In the records below, reproduce exactly the lines from the one containing "Gravata Silver Sage" through the one containing "メタリックプリントデニムパンツ - Image 5", both included, and omit the pictures.
** Material for the task follows **
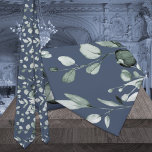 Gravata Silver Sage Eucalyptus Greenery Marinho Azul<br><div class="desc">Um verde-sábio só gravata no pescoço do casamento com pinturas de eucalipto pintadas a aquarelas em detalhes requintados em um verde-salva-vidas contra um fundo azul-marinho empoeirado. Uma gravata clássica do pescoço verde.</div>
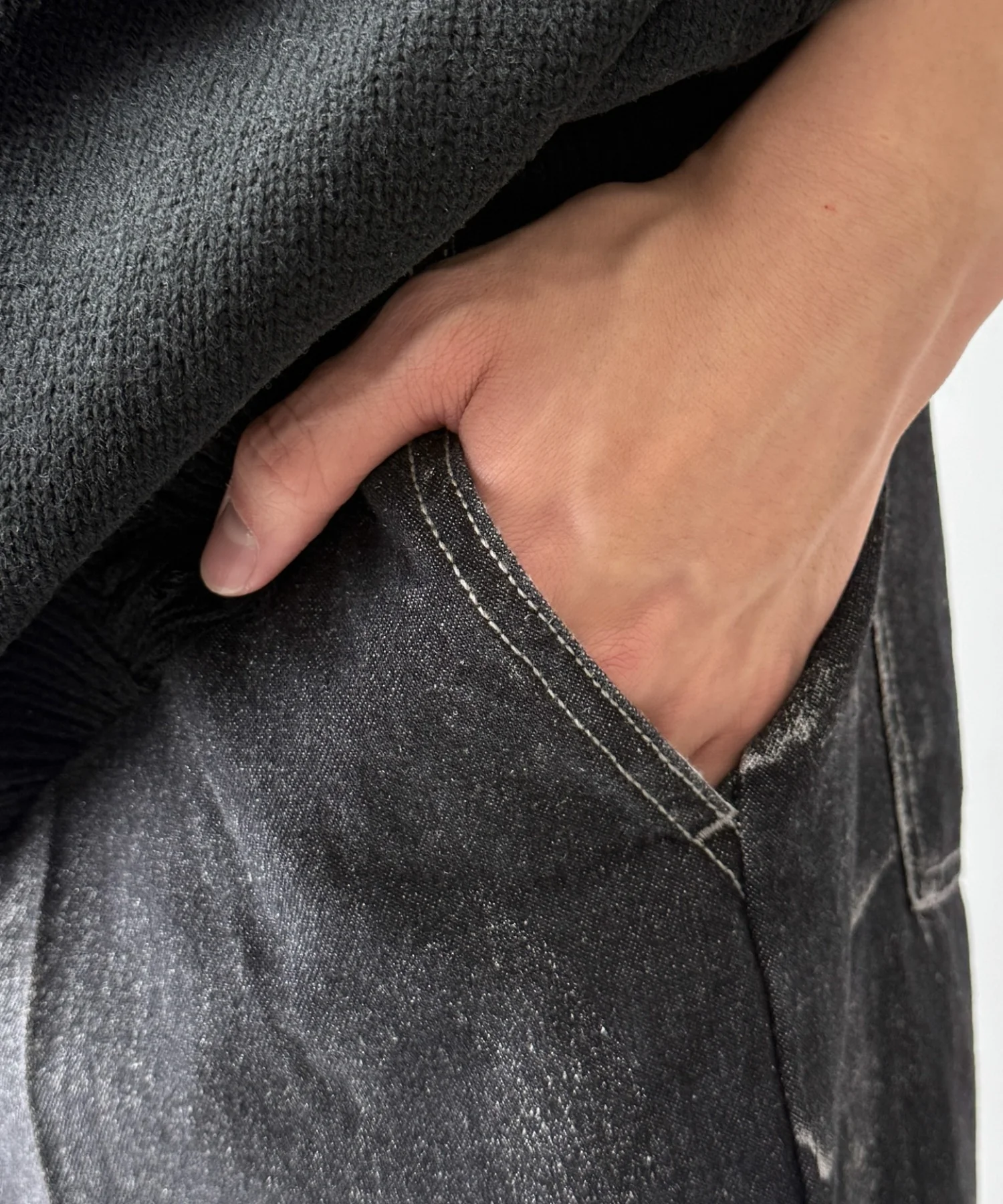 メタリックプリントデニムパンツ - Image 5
** End of Material for the task **
** Material for the task follows **
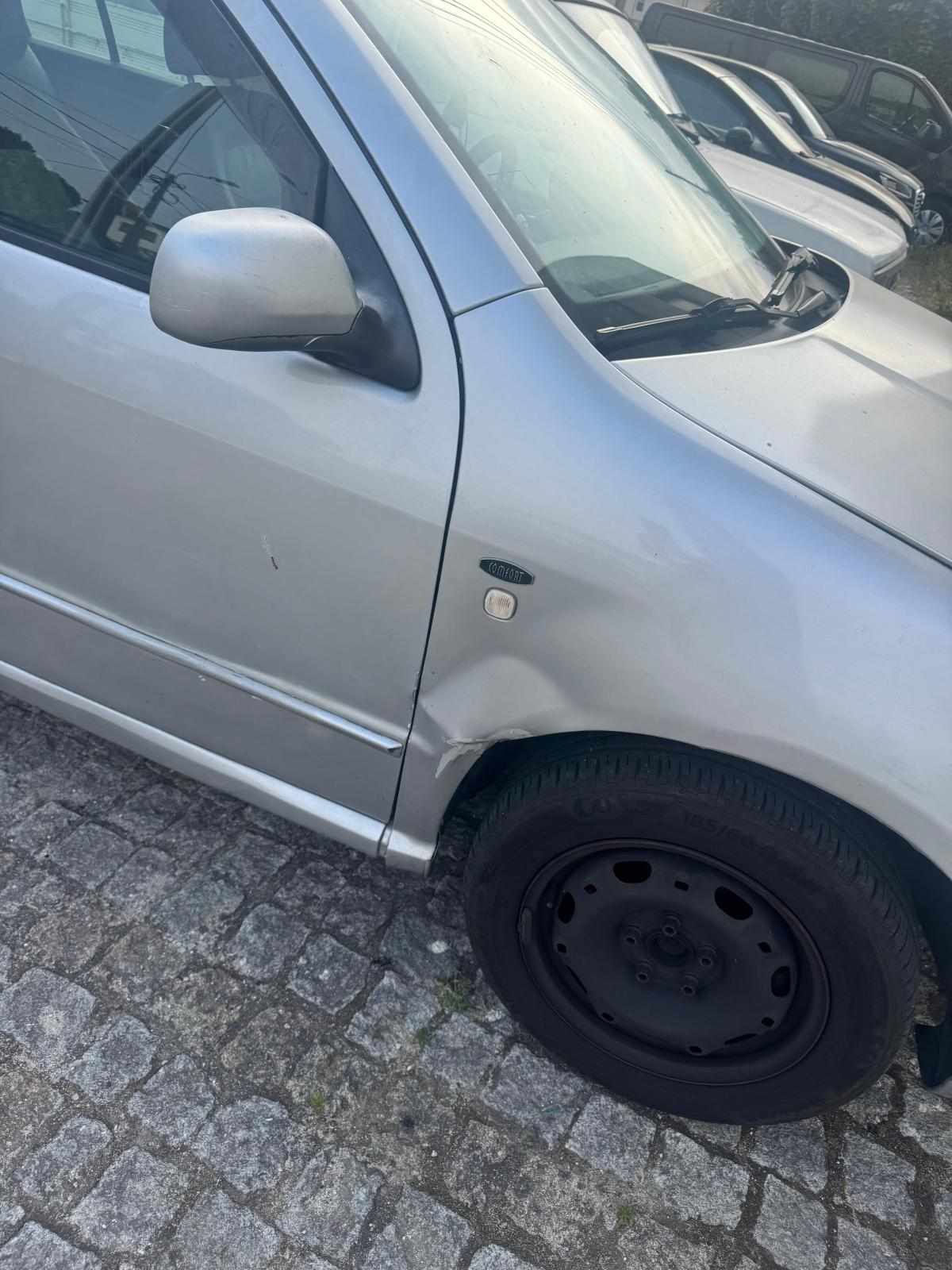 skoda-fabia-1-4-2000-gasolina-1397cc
** End of Material for the task **
** Material for the task follows **
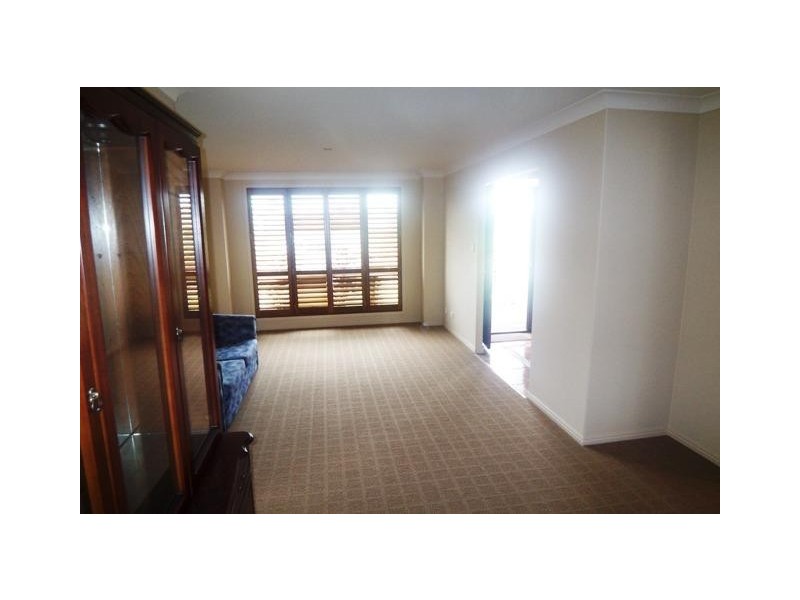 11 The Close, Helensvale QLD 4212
** End of Material for the task **
* Exercise solution
 Gravata Silver Sage Eucalyptus Greenery Marinho Azul<br><div class="desc">Um verde-sábio só gravata no pescoço do casamento com pinturas de eucalipto pintadas a aquarelas em detalhes requintados em um verde-salva-vidas contra um fundo azul-marinho empoeirado. Uma gravata clássica do pescoço verde.</div>
 メタリックプリントデニムパンツ - Image 5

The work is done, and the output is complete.